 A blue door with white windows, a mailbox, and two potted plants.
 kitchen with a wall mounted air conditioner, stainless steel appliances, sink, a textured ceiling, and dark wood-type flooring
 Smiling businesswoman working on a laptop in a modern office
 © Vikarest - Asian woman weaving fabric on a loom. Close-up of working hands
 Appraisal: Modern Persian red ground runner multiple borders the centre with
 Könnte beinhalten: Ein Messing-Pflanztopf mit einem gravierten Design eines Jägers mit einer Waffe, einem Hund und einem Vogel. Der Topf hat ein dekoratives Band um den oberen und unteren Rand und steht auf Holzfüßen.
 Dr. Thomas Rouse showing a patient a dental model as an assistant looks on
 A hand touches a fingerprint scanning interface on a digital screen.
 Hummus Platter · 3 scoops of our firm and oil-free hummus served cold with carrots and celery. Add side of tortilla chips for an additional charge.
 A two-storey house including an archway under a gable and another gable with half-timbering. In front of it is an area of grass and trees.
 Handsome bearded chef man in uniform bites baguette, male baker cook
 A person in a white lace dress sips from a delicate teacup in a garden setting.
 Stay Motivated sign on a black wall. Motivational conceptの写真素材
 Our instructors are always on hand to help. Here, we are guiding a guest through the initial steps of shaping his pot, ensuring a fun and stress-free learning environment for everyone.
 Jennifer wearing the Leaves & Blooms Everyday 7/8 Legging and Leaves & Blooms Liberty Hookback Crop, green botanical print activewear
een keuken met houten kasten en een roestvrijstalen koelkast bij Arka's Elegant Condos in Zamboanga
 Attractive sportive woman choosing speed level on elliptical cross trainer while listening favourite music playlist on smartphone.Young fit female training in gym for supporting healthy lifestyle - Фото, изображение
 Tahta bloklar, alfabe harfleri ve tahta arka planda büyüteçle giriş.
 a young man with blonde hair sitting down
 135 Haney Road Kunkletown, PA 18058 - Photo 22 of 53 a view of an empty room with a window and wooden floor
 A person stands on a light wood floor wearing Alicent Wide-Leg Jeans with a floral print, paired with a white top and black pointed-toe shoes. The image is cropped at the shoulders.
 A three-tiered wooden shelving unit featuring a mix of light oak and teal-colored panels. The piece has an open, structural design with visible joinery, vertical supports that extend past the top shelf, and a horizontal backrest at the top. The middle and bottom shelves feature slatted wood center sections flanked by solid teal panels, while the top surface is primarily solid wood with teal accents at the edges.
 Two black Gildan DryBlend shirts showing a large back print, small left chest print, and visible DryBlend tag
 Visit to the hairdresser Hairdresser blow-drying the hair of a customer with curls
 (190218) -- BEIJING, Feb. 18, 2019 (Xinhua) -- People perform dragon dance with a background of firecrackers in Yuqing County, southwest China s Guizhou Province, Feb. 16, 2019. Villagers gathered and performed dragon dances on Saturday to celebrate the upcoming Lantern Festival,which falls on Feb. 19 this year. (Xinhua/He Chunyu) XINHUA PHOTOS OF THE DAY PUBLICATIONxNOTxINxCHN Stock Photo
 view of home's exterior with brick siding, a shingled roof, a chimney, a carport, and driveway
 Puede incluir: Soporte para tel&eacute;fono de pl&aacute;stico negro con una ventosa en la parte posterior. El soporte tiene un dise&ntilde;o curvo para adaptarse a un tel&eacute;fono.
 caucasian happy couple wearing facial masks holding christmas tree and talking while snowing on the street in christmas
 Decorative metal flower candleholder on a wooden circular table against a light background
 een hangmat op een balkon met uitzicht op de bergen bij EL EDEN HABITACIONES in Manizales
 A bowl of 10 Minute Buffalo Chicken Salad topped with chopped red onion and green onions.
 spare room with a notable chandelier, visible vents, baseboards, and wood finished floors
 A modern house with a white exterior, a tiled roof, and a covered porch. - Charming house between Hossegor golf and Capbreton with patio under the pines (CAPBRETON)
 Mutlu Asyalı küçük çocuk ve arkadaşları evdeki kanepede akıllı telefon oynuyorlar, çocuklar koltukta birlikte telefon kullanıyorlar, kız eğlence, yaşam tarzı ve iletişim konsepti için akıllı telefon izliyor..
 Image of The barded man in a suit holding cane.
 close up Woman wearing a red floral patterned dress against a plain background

---

EXERCISE BRIEF
Everything from the line containing "Mutlu Asyalı küçük" through the last line of the listing must be reproduced exactly, and no other line.

SOLUTION FOR THIS PROBLEM
 Mutlu Asyalı küçük çocuk ve arkadaşları evdeki kanepede akıllı telefon oynuyorlar, çocuklar koltukta birlikte telefon kullanıyorlar, kız eğlence, yaşam tarzı ve iletişim konsepti için akıllı telefon izliyor..
 Image of The barded man in a suit holding cane.
 close up Woman wearing a red floral patterned dress against a plain background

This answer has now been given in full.